Carter rose to his feet. “You wouldn’t dare.”
Bennett bit his lip, and drew a large vial from his pocket. “This was supposed to be a reward, if we took a deer down today.” He held up the white powder for all to see. “We have Agis’s blessing. He believes in us. This is a gift from him. Fuck it. Let’s use it now.”
Carter smacked the wooden table. “That’s what I’m talking about!”
Taylor licked his lips. “I’ve never done that.”
Carter clapped him and Bennett on the shoulders as the others drew closer to the desk. Their hair was ragged, their frames gaunt, and their teeth filthy. No one brushed their teeth anymore. “Now’s as good a time to try as any.”
Bennett suppressed a grin, thrilled he had turned things his way. “Carter, open the top drawer in the desk.”
Carter did as he was told, and drew forth a large bottle of whiskey from the desk. “Remind me to thank Agis.”
Bennett pushed the papers off the desk. “Everyone gets some. And we go out tomorrow. Same time.”

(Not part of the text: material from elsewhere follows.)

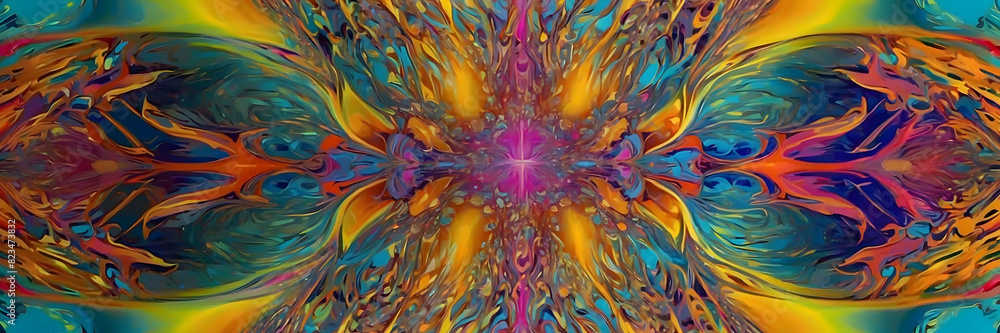 A dazzling kaleidoscopic image featuring a burst of bright colors and intricate abstract patterns A dazzling kaleidoscopic image featuring a burst of bright colors and intricate abstract patterns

Carter sniffed his portion and roared. “Same time,” he said, shaking his head like a dog.
…
“So he didn’t let you touch him.”
Harley watched Agis rub his cleanly shaven chin. “He pushed me off immediately.”
Agis frowned and stood out of his chair in the Library’s annex. All signs of debauchery were carefully hidden, though Harley knew where each stash was located.
“Jaxton won’t crack that way then. He must actually love that girl, Adira.”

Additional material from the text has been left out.